House debates
Thursday, 2 June 2011
Motions
Abolition of Age Limit on Payment of the Superannuation Guarantee Charge Bill 2011; Dissent from Ruling
9:40 am
Robert McClelland (Barton, Australian Labor Party, Attorney-General) Share this | Hansard source
Mr Speaker, you have, with respect, correctly identified the two issues that arise from this bill, namely, in the first case, the need for an appropriation for the bill and, also, the extension of a charge that results from the bill. You have identified that both issues, as a consequence of the bill, are enlarging the class of persons to whom an appropriation on the one hand and a charge on the other could apply.

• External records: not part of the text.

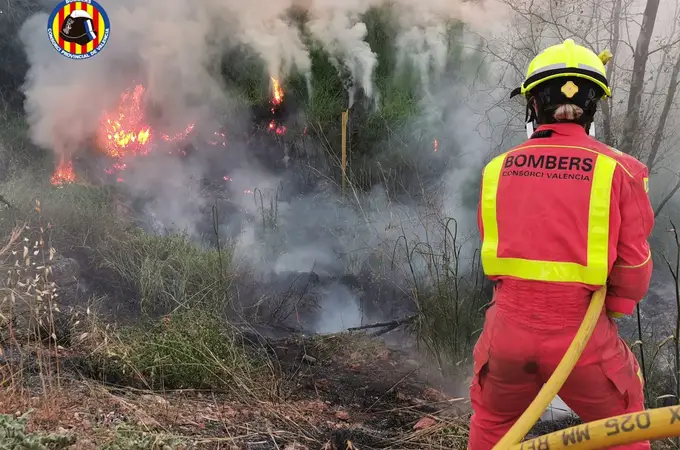 El Síndic denuncia los contratos irregulares del Botànic a los bomberos autonómicos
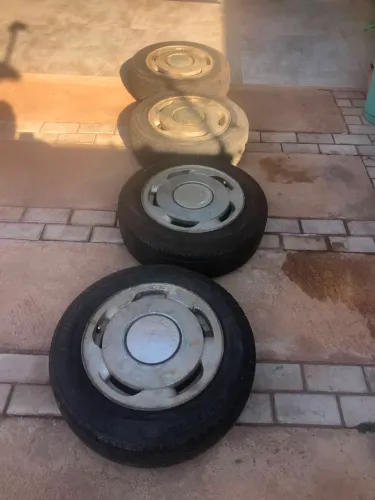 Rodas e Pneus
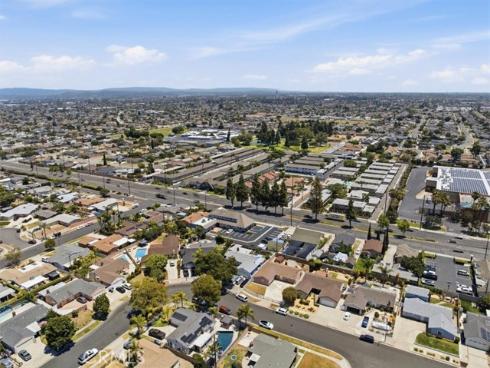 8802  Los Flores  , Buena Park, CA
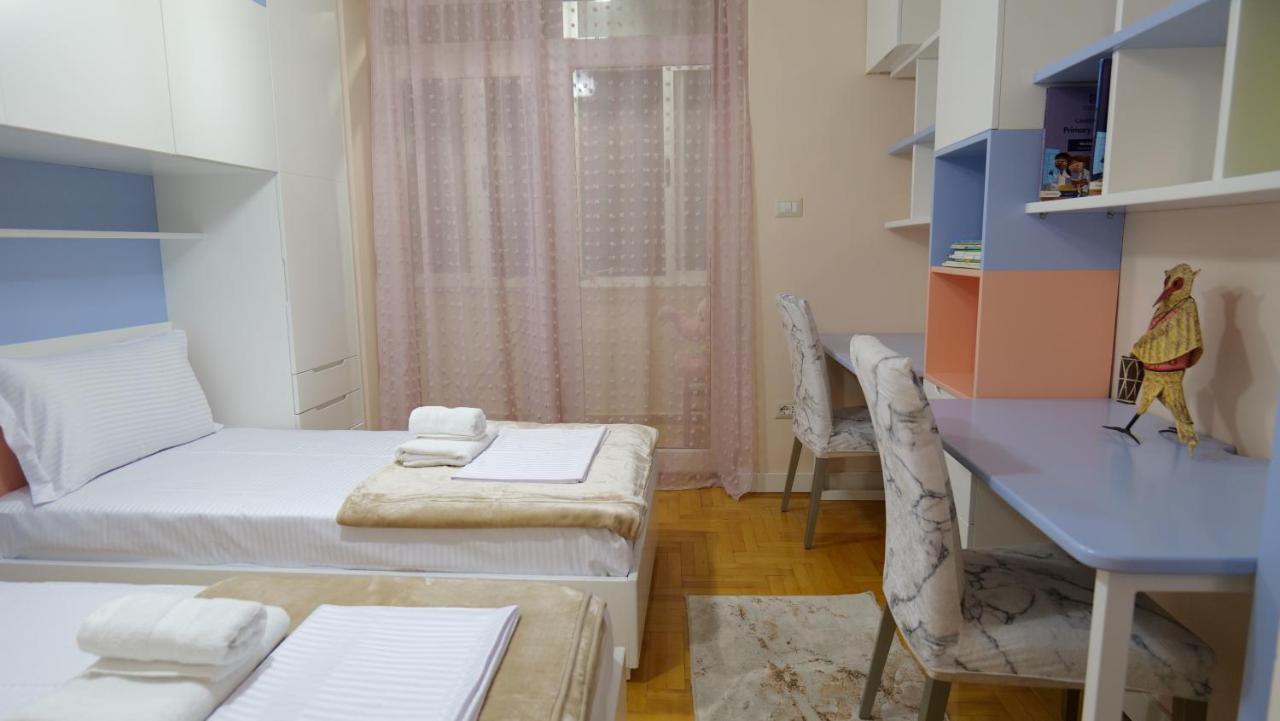 City Center Apartment Niko 04 地拉那 外观 照片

In dealing with the second issue first—that is, in respect to a charge—the Leader of the House correctly identified that it is quite plain on its face that standing order 179(a) necessarily applies because it increases the scope of a charge, and it is noted in the memorandum from the Clerk that the incentive for employers to pay their superannuation contribution is that if they fail to do so or fail to do so in full they are liable for a superannuation guarantee charge. That is necessarily the case.
Dealing with the second issue with respect to appropriation, could I refer the House—and I have previously touched upon these issues, but perhaps not in great detail—to an advice of Sir Garfield Barwick, when he was the Attorney-General, on 20 February 1962. In the advice he in turn referred to the passage from the book, The British Budgetary System, by Sir Herbert Brittain, published in 1959. I quote from that:
Underlying the parliamentary procedure on supply is a rule of the House of Commons which is of fundamental importance. It is enshrined in a standing order, which, in its earliest form, was passed in 1706 and is which now, according to the relevant standing order that existed in the House of Commons, this House will receive no petition for any sum relating to public service or proposed upon any motion for a grant or charge upon the public revenue whether payable out of consolidated fund or out of money to be provided by parliament unless recommended from the Crown.

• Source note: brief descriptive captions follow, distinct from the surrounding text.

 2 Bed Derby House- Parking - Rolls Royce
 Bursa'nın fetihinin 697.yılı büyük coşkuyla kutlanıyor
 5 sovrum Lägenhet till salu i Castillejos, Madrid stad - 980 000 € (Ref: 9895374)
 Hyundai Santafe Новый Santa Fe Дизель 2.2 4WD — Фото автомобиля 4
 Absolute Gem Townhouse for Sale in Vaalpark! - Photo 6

The significance of that is that it notes a principle going back to 1706. The Leader of the House has referred to the debates of our founding fathers—our constitutional fathers—who were well aware of that heritage and adopted the same principles in our Constitution. Indeed, the author, Sir Herbert Brittain, summarised:
Only the Crown therefore can initiate proposals for expenditure in the House. The Crown's right and responsibility in this respect are exercised by ministers in the government of the day.

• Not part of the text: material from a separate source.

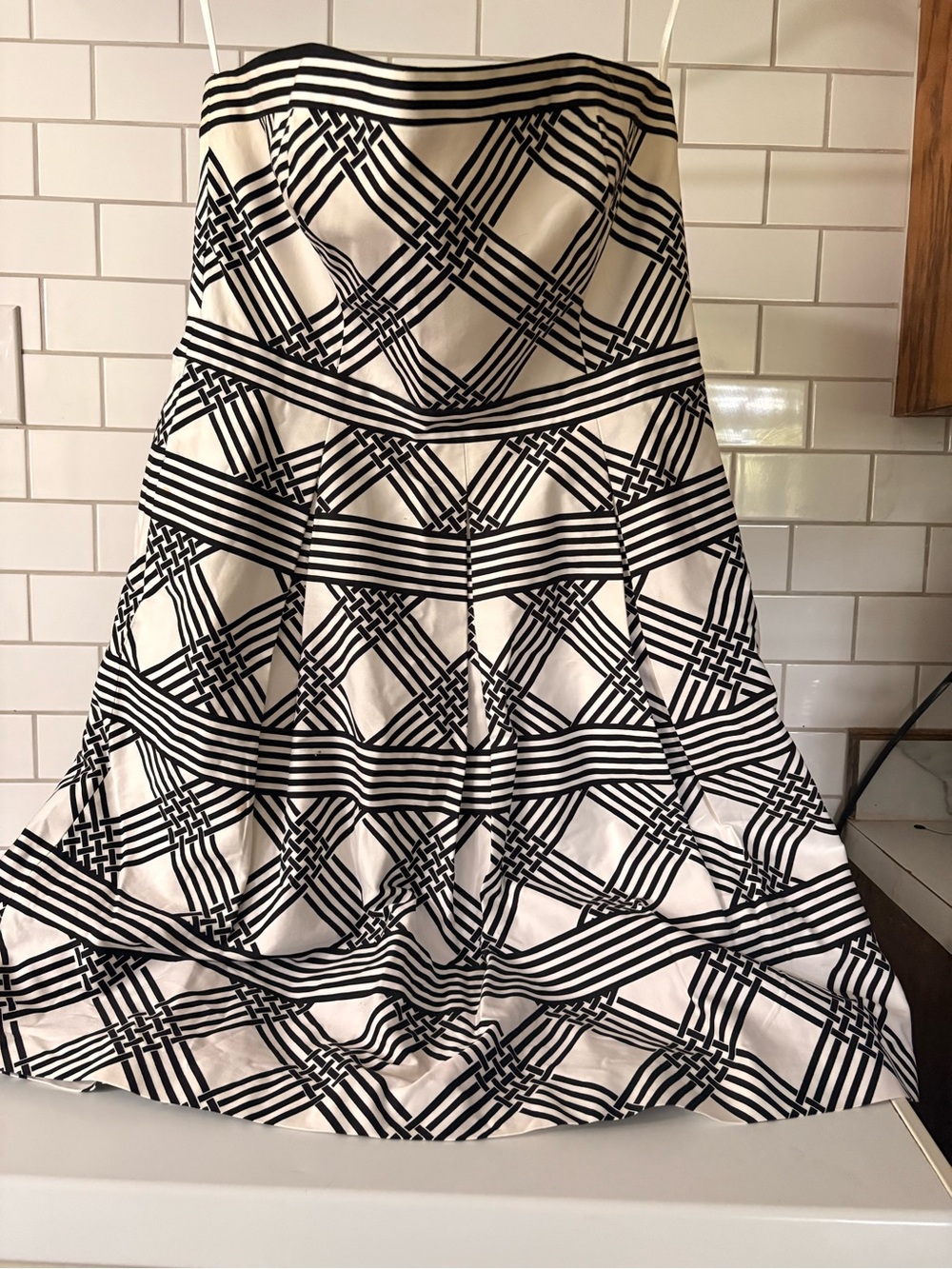 White House Black Market Black and White Strapless Fit-and-Flare Dress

That is reflected in standing order 180, which requires a message from the Governor-General, which message is given on the advice of the day.
The Clerk's advice appropriately refers to Pape's case by way of footnote. That was a recent decision of the High Court of Australia and that also confirmed the principle. I also refer to the fundamental principle described by the High Court in Combet's case, where the majority judgment of justices Gummow, Hayne, Callinan and Heydon noted that it is the executive government which begins the process of appropriation. This the executive government does by specifying the purpose of the appropriation by message to the House of Representatives.
Again, that message comes from the Governor-General. Similarly, in that case Justice Kirby referred to the discussion in the issue in Lane's Commentary on the Australian Constitution of 1997 and concluded that:
… the initiative for proposed appropriations belongs to the Executive Government, in accordance with s 56 of the Constitution.
Again, the will of the executive being referred to in the message of the Governor-General, with the Governor-General acting on the advice of the executive of the day. So, with respect, Mr Speaker, your ruling is entirely consistent with the standing orders but, more than that, it is entirely consistent with our Constitutional heritage.